Man jailed for wearing anti-police T-shirt on day PCs killed
PUBLISHED October 11, 2012
Barry Thew "paraded" through his home town in a white T-shirt bearing the handwritten slogans "One less pig; perfect justice" and "Killacopforfun.com haha".
He made the statement just three hours after PCs Nicola Hughes and Fiona Bone died in a gun and grenade attack less than 20 miles away on the other side of Manchester.
Police welcomed the prison term handed down to Thew, a serial offender who was given a further four months for breaching the terms of an earlier sentence.
Inspector Bryn Williams, of the Radcliffe Neighbourhood Policing Team, said: "While officers on the ground were just learning of and trying to come to terms with the devastating news that two colleagues had been murdered, Thew thought nothing of going out in public with a T-shirt daubed with appalling handwritten comments on.
"Thankfully the overwhelming response from the public - who have inundated us with messages of support and condolence - prove that Thew is the exception and not the rule and our communities were right behind us at our darkest hour.

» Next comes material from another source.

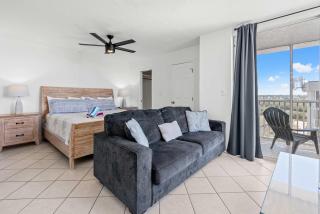 Penthouse Views - Steps From the Shore 2001 - 2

"To mock or joke about the tragic events of that morning is morally reprehensible and Thew has rightly been convicted and sentenced for his actions."
But civil liberties campaigners said merely wearing an offensive T-shirt should not be an imprisonable offence, and pointed out that it followed similarly tough sentences given to internet users who made tasteless comments, rather than threats, on Facebook and Twitter.
Peter Tatchell, who is campaigning for reform of public order offences, said: "Barry Thew's t-shirt was offensive but in a free society the public should have the right to criticise - and even insult - the police. His four month jail sentence is disproportionate. No one should be jailed for a mere insult.
"Mr Thew sounds an unpleasant character, with a long criminal history. It was insensitive and distressing for him to wear his anti-police t-shirt on that day. I empathise with the loved ones of the officers who were killed. However, four months in prison is excessive for a few poisonous words.
"The price of free speech is that we sometimes have to put up with views we find offensive."
Minshull Street Crown Court heard that Thew was arrested at 2.15pm on September 18th as he walked through the streets of Radcliffe, Greater Manchester, while wearing the Reebok T-shirt on which the anti-police slogans had been daubed in black pen.
He had been spotted by members of the public who had only just heard about the killing of the female officers on an estate in Mottram, with one witness telling police: "I just caught sight out of his shirt out of the corner of my eye. I literally have no words to describe what I thought of it."
But Thew, 39, told police: "I'm not bothered."
He claimed he had been wearing the T-shirt in response to the death of a policeman who was accidentally shot dead in a training exercise in 2008.
Thew later admitted displaying or writing on offensive message with intention of causing harassment, alarm or distress.
The court heard he had 77 previous convictions dating back to 1983 and was in breach of a suspended jail term for cultivating cannabis.
His barrister said Thew had a grudge against the police because he partly blamed them for the death of his young son.
Judge Peter Lakin sentenced him to four months in jail for the public order offence, and another four months for the breach of the earlier sentence.
The judge told him: "On September 18 of this year two young, female police officers going lawfully about their duties were tragically murdered in the most appalling of set of circumstances.
"Their deaths have left their families distressed and have caused enormous upset to every level of the police and to the general public at large.
"Your response to the shocking events of that was to parade round in a T-shirt in the centre of Radcliffe which had on it the most disgusting slogans.
"Your mindless behaviour has added to the pain of everyone touched by the deaths of those young officers. You have shown no remorse - even when you were arrested your response was that you weren't bothered.
"Whatever thoughts you have about the police of whatever personal animosity towards them, gave you no excuse whatsoever to behave in the way that you did."